Besides the two women’s events, The Home Course has co-hosted (with Chambers Bay) a pair of other USGA events: the 2010 U.S. Amateur stroke play, and the 2021 U.S. Amateur Four-Ball Championship. “The USGA was pleased with our (hosting),” Gravatt said. “We got back another soon after.”

This DuPont property has followed a long and varied course over the decades. When the USGA began operations in 1894, Washington had been a state for just five years. The land was held by various Native American tribes, and Hudson’s Bay Co. built a fort. There was evidence that a crude six-hole golf course was laid out around the fort.
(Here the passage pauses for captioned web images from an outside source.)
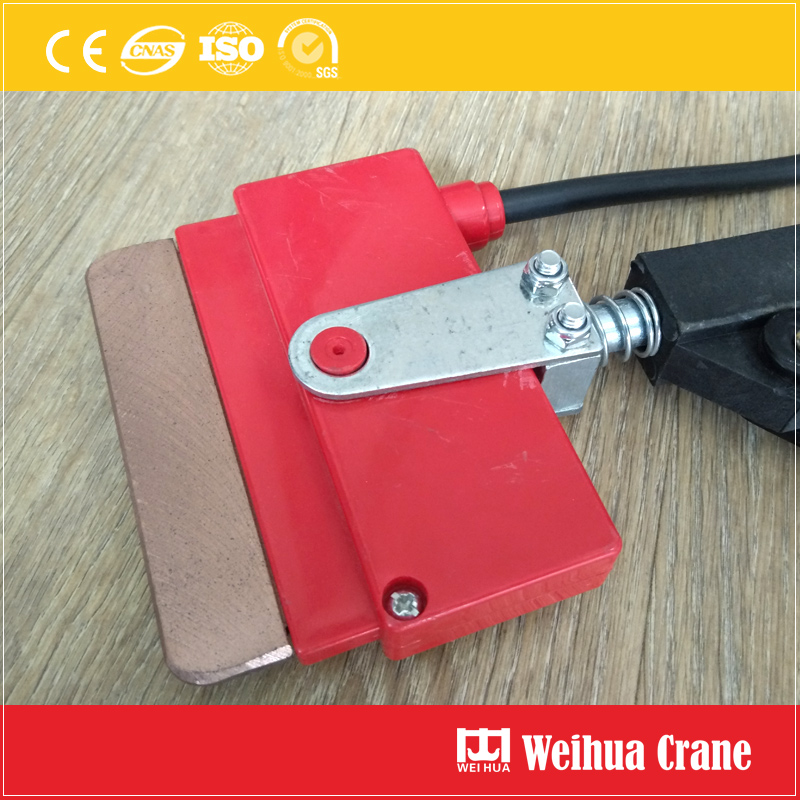 crane-conductor-current-collector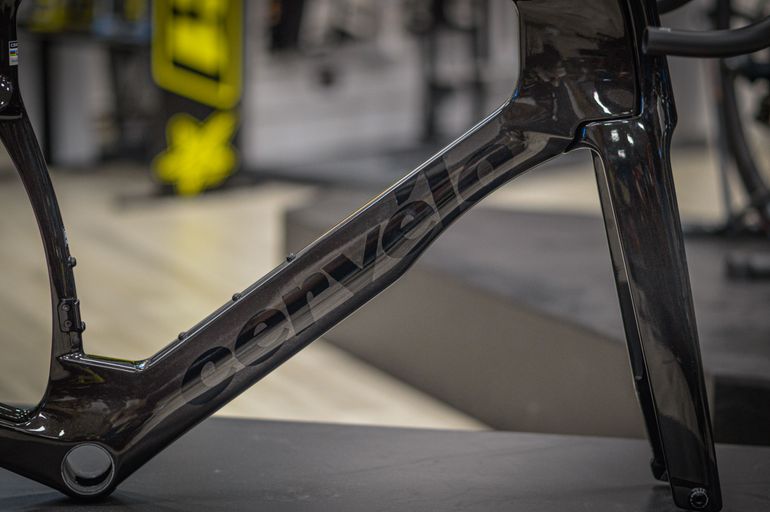 Used Cervélo Cervelo S5 Frame-set Five Black (2026) Frameset 2026 Road & Gravel, Black — image 2 of 12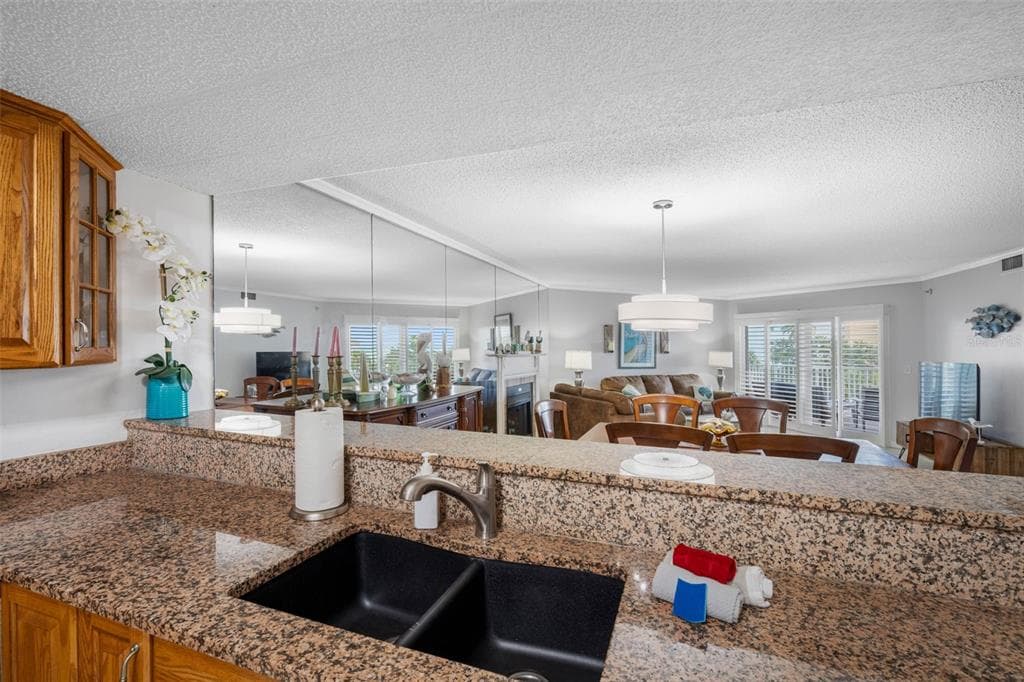 18400 GULF BOULEVARD 1301 photo 10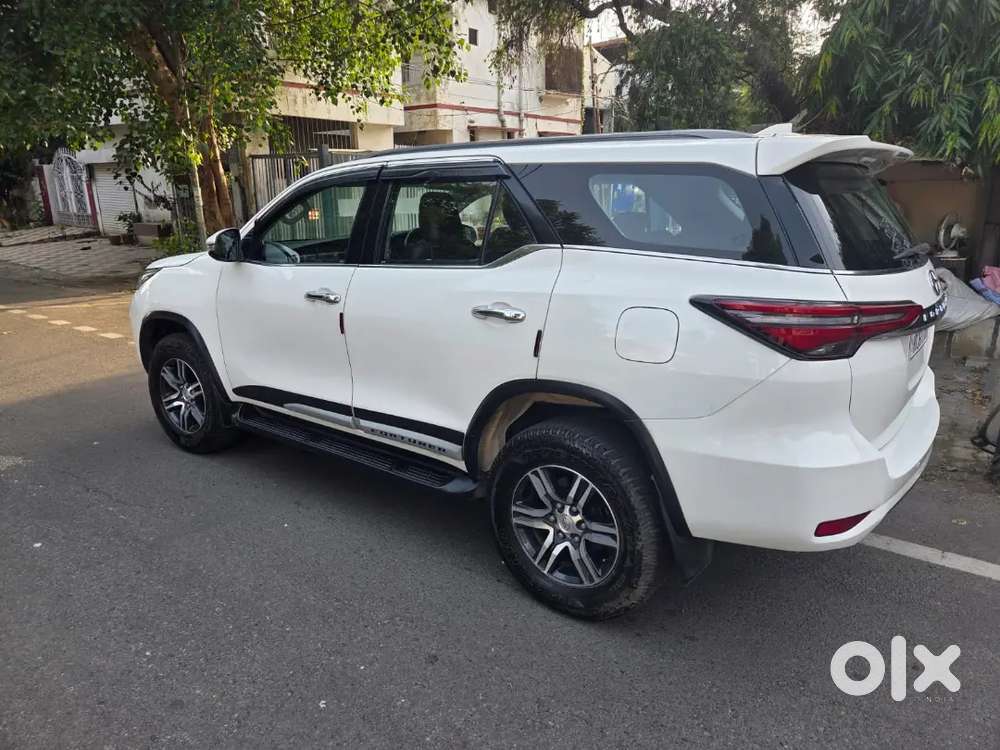 Toyota Fortuner 2018 Diesel 100000 Km Driven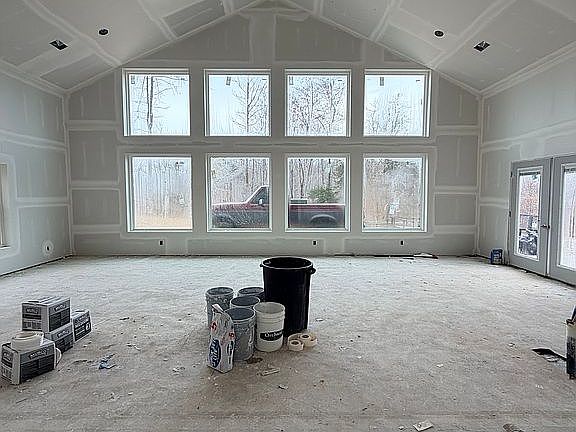 5th image of 7922 E Plunders Creek Rd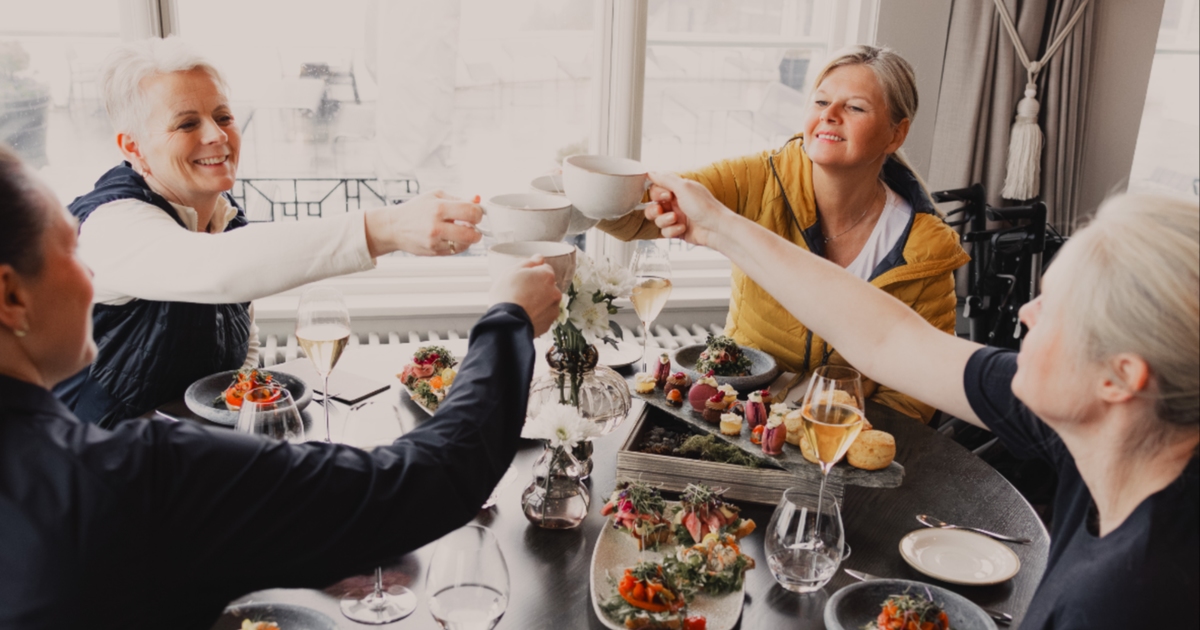 Teslabberas | Afternoon Tea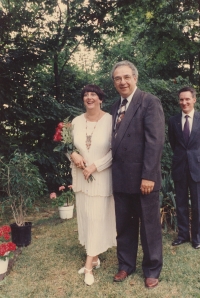 Svatební fotografie, Bronislava Volková a Robert Smith, 1995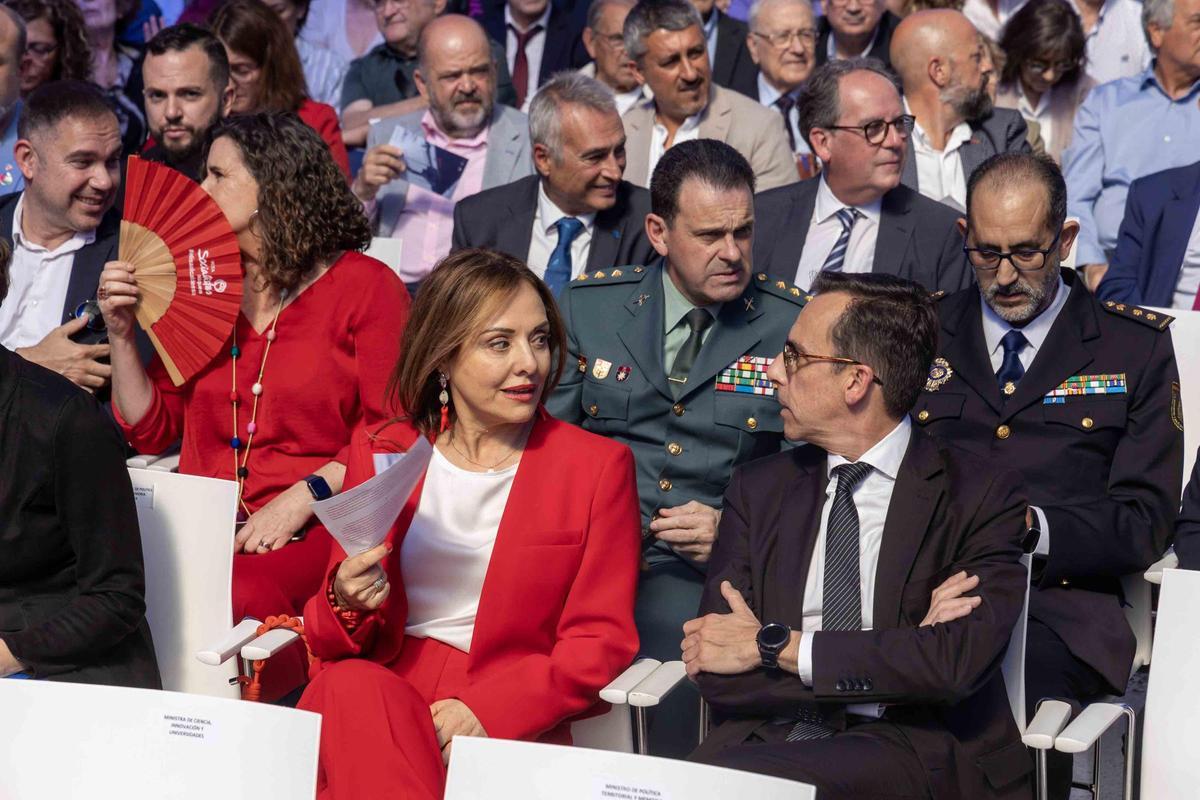 Pedro Sánchez asiste al acto en Casa Mediterráneo por el Día del Exilio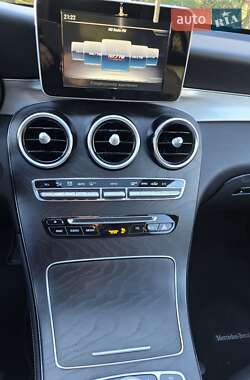 Внедорожник / Кроссовер Mercedes-Benz GLC-Class 2018 в 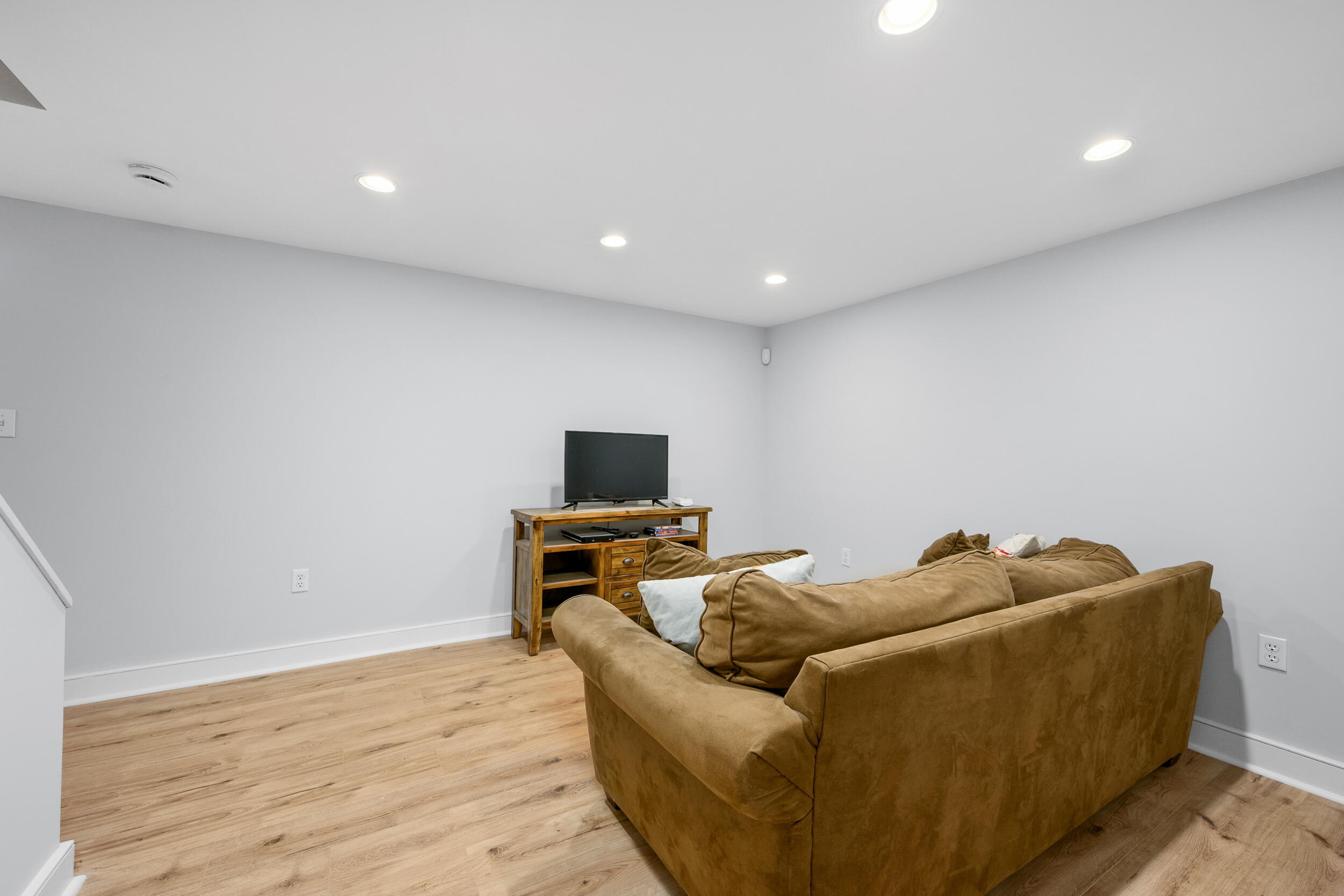 77 Robbins Street Barnstable MA 02655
The E.I. DuPont de Nemours Co. constructed a plant in 1906 to manufacture explosives. Weyerhaeuser took over in the late 1970s. The property was cleaned up and the golf course became part of the master plan.

2027 U.S. Women’s Senior Amateur to be played at Tacoma Country and Golf Club

Female golfers will have another championship in the Northwest five years from now. Tacoma Country & Golf Club in Lakewood was awarded the U.S. Senior Amateur by the USGA this past summer. The event will be Aug. 19-22, 2027.

This will be the ninth go-around for the Senior event. It’s also the fifth USGA women’s event hosted by the club. The previous events were the 1961 U.S. Women’s Amateur, the 1984 U.S. Senior Women’s Amateur, the 1994 U.S. Women’s Mid-Amateur, and the 2007 U.S. Girls’ Juniors.